The team, known by the acronym U.S.-CERT, is the element within the Department of Homeland Security that "coordinates defense against and responses to cyber attacks across the nation," according to its Web site.
"U.S.-CERT became involved after NATO, of which Estonia is a member, contacted the U.S. for computer incident response assistance to a cyber attack," said Witt in the statement. His team "worked with an international group -- the Forum of Incident Response and Security Teams, or FIRST -- to coordinate a global response to the attacks, which were carried out by computers scattered across the globe," he said.
The Witt statement did not address the question of the origin of the attacks, but former senior U.S. cybersecurity official Bruce Brody said analysts in both the private sector and the U.S. government had told him "the prevailing assessment" was that no "state actor" was behind the attacks.
"This was a brute force, crude attack," he told UPI, "without the elegance and precision" characterizing the sophisticated cyber-warfare capabilities of major powers.
Professor James Hendler, former chief scientist at the Pentagon's Defense Advanced Research Projects Agency, described the attacks as "more like a cyber riot than a military attack."
Such politically motivated attacks by organized hacker networks -- known to specialists as "hactivism" -- were also seen against Danish Web sites after the publications of cartoons of the Prophet Mohammed in a magazine there.
"The size of the cyber attack, while it was certainly significant to the Estonian government, from a technical standpoint is not something we would consider significant in scale," said Witt, adding he believed the United States would be able to defend itself easily against attacks on a similar scale.

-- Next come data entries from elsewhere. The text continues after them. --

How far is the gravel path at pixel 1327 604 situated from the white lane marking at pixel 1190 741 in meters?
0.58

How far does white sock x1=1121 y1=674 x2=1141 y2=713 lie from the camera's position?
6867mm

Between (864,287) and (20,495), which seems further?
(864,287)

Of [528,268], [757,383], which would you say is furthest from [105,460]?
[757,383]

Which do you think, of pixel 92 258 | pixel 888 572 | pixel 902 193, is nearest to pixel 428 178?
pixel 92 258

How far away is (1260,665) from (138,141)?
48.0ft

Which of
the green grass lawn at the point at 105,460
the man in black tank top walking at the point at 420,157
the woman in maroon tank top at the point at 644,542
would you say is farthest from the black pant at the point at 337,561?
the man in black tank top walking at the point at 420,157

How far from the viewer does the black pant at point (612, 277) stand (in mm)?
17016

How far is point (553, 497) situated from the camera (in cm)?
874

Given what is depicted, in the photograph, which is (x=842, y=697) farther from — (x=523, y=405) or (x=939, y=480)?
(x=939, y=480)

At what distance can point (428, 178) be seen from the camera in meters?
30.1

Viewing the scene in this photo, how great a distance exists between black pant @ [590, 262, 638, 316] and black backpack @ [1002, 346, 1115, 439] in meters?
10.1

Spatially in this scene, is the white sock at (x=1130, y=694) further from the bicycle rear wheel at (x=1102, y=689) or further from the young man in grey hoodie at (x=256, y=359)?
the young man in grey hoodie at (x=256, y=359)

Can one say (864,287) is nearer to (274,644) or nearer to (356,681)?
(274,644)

"While no one is immune to cyber attacks," he said U.S. government networks were "more sophisticated, extensive and diverse," making them "less susceptible to disruptions or attacks."

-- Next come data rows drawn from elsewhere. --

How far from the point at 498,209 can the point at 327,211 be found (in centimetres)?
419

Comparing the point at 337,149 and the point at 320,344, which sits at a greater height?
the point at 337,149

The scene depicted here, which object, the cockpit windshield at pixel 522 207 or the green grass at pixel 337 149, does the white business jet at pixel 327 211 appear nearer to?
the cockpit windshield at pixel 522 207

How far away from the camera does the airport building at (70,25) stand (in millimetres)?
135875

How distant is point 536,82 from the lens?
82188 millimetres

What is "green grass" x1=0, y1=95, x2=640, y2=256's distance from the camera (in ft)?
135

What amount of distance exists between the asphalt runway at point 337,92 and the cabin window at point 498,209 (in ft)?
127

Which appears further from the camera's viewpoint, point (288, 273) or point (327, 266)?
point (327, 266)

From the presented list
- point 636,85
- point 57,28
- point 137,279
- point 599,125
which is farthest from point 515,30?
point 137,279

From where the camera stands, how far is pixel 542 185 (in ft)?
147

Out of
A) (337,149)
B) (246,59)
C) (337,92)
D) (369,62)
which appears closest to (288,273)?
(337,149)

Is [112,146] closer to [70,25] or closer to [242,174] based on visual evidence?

DDoS attacks work by getting the networks of slave computers to bombard the systems being attacked with requests for information -- overloading them and causing the Web servers to crash.

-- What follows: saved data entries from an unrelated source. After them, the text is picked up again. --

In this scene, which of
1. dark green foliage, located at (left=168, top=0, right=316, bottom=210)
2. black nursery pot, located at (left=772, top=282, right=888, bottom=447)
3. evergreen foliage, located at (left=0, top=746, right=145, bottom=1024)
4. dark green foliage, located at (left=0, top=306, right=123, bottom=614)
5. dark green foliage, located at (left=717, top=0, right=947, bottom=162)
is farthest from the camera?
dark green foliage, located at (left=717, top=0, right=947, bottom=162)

Hendler told UPI that DDoS attacks "are moving lower and lower down the list of (cyber) threats," but added this was generally because they are poorly targeted.
Like any other weapon, he said, the effectiveness of DDoS attacks could be maximized by careful targeting -- for instance, of a crucial system at a particular time it was likely to be very busy, or vulnerable to overload for some other reason.
"You could do it surgically," he said. "If you did some work, you could probably find information-critical (U.S. government) systems that could be brought down ... with a big enough attack."
On the other hand, he said, "the government is pretty attuned to the possibilities of these types of attacks" and had taken extensive counter-measures.
Witt said a key challenge in countering botnets was identifying the source, "in part because of sophisticated new peer-to-peer type structures now being adopted by hackers."
By employing so-called peer-to-peer technology, "where the network is recruited and organized horizontally, from one compromised computer to another, rather than vertically, with each reaching back to the origin, it is much more difficult to track and source the hackers behind the attacks," he said.